## WORK ITEM
Copy out exactly the lines from the one containing "流产药微信购买联系方式打胎先药流再清宫吗(先药流再清宫还是直接做人流)" to the last line of the records below, both included, and leave out any pictures.

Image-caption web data

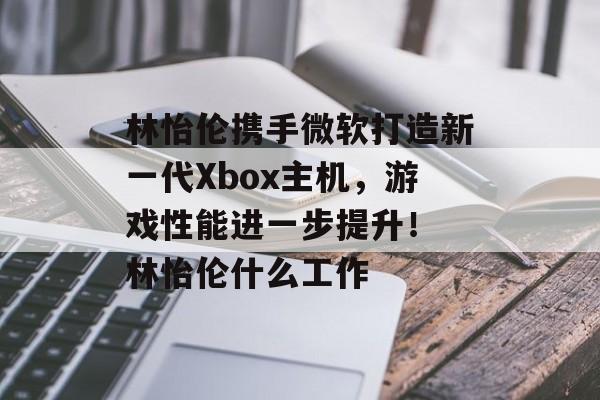 林怡伦携手微软打造新一代Xbox主机，游戏性能进一步提升！ 林怡伦什么工作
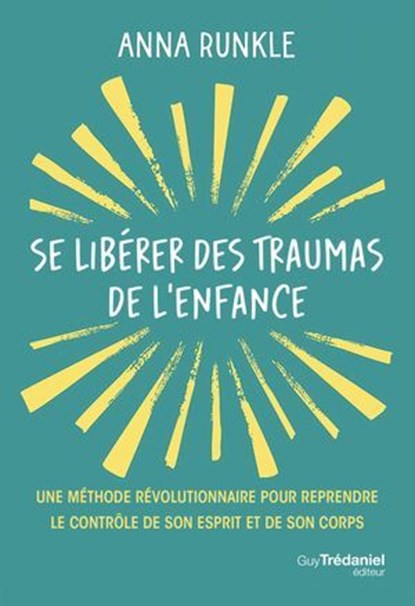 Se libérer des traumas de l'enfance - Une méthode révolutionnaire pour reprendre le contrôle de son esprit et de son corps, Anna Runkle - Ebook - 9782813235688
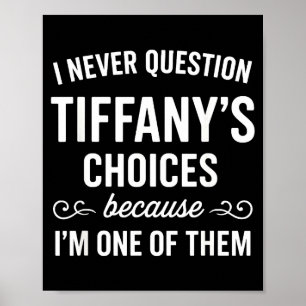 Póster Nunca Cuestiono Las Elecciones De Tiffany Porque S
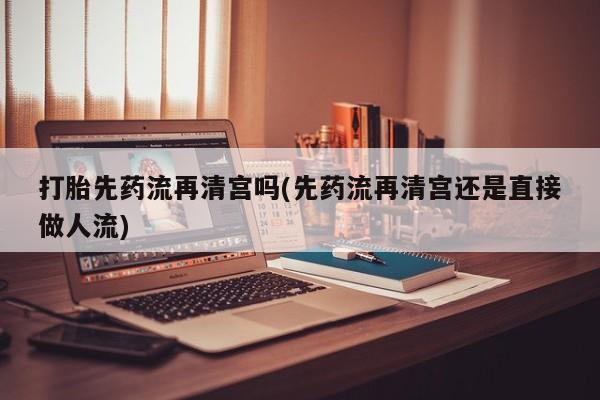 流产药微信购买联系方式打胎先药流再清宫吗(先药流再清宫还是直接做人流)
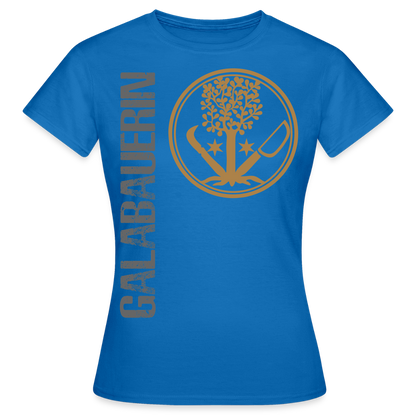 Frauen T-Shirt "GaLaBauer" Royalblau Frauen T-Shirt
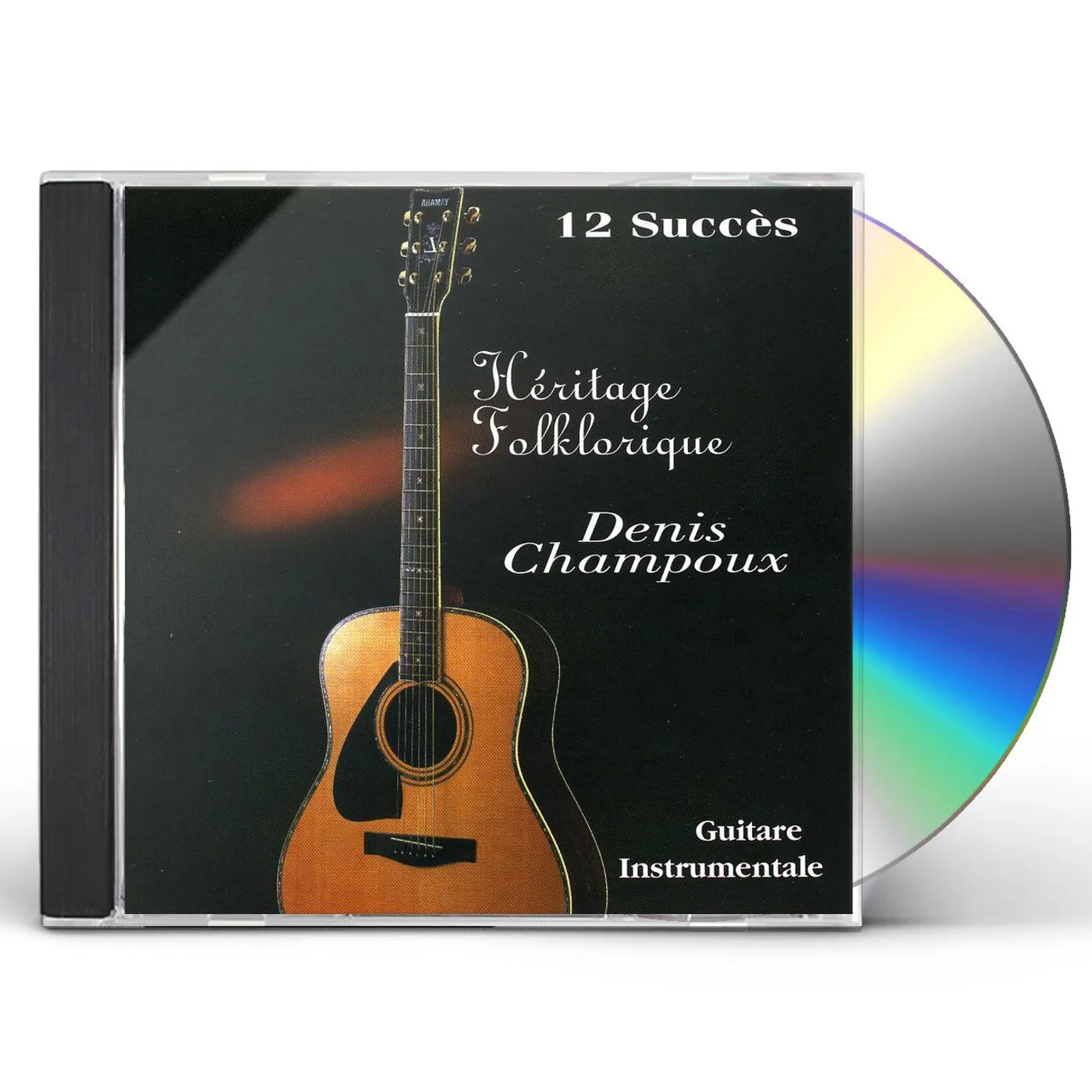 Denis Champoux GUITARE INSTRUMENTALE CD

## RESPONSE AREA
 流产药微信购买联系方式打胎先药流再清宫吗(先药流再清宫还是直接做人流)
 Frauen T-Shirt "GaLaBauer" Royalblau Frauen T-Shirt
 Denis Champoux GUITARE INSTRUMENTALE CD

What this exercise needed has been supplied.